In your copy of the data, keep every word exact and include no pictures.
───── Source material ─────
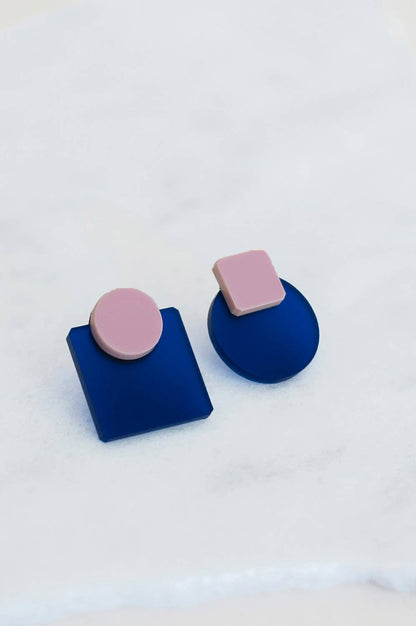 Pamela Coromoto - Glare Mini Earrings - Spring/Summer : Olive/Lilac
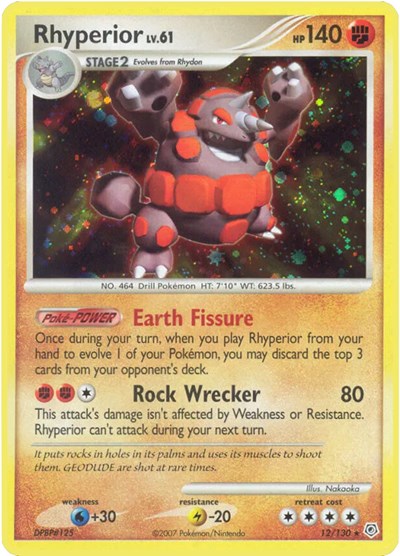 DP: Rhyperior (Reverse Holofoil)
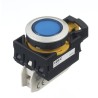 Idec Illuminated Push Button Switch Panel Mount Blue LED 22 mm Cutout IP66 240V CW4P-1EQM4S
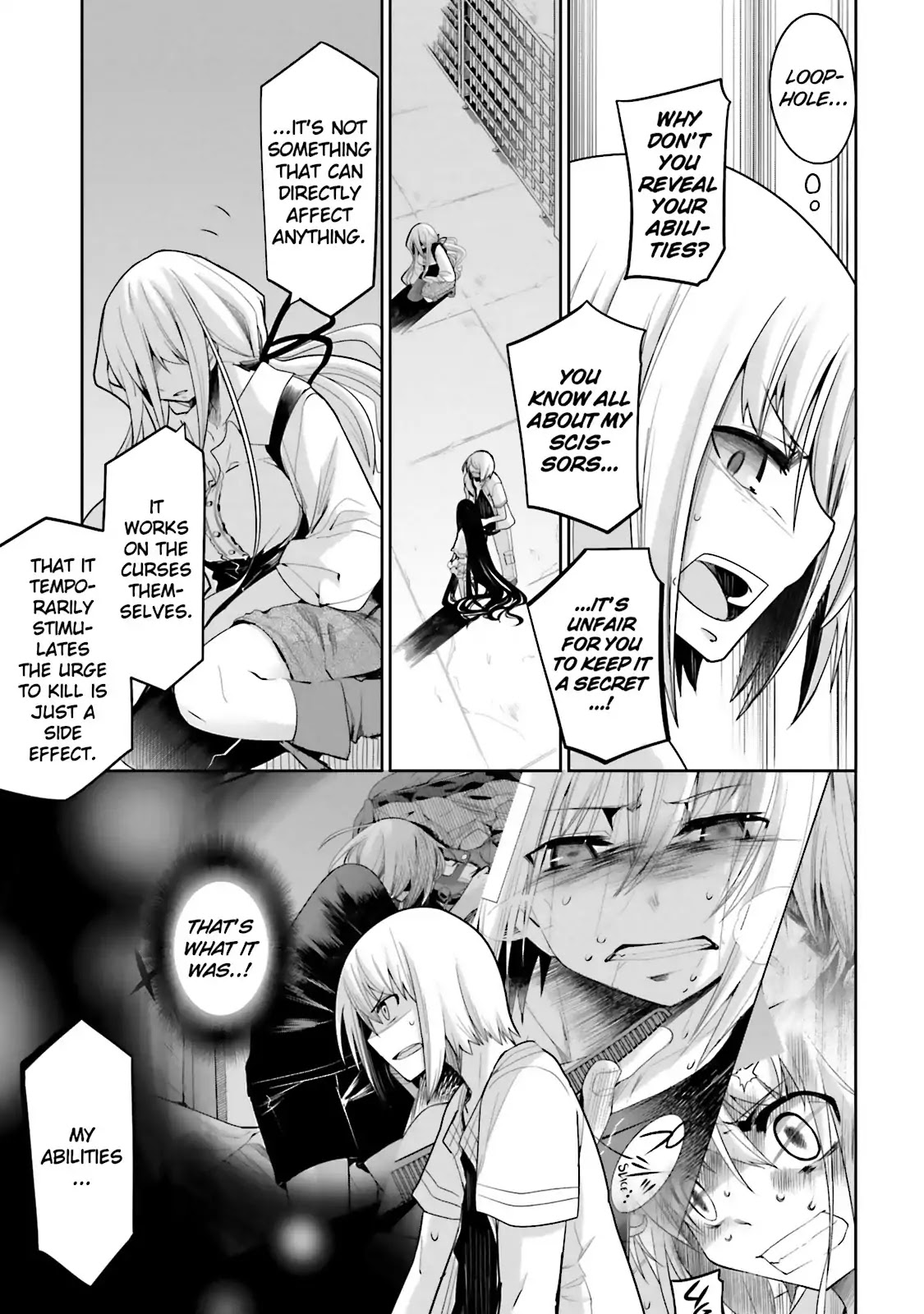 Dansai Bunri no Crime Edge Chapter 42 page 9 - Chapter 42: Vol.8 cut42: Witch of Flame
─────
Result:
 Pamela Coromoto - Glare Mini Earrings - Spring/Summer : Olive/Lilac
 DP: Rhyperior (Reverse Holofoil)
 Idec Illuminated Push Button Switch Panel Mount Blue LED 22 mm Cutout IP66 240V CW4P-1EQM4S
 Dansai Bunri no Crime Edge Chapter 42 page 9 - Chapter 42: Vol.8 cut42: Witch of Flame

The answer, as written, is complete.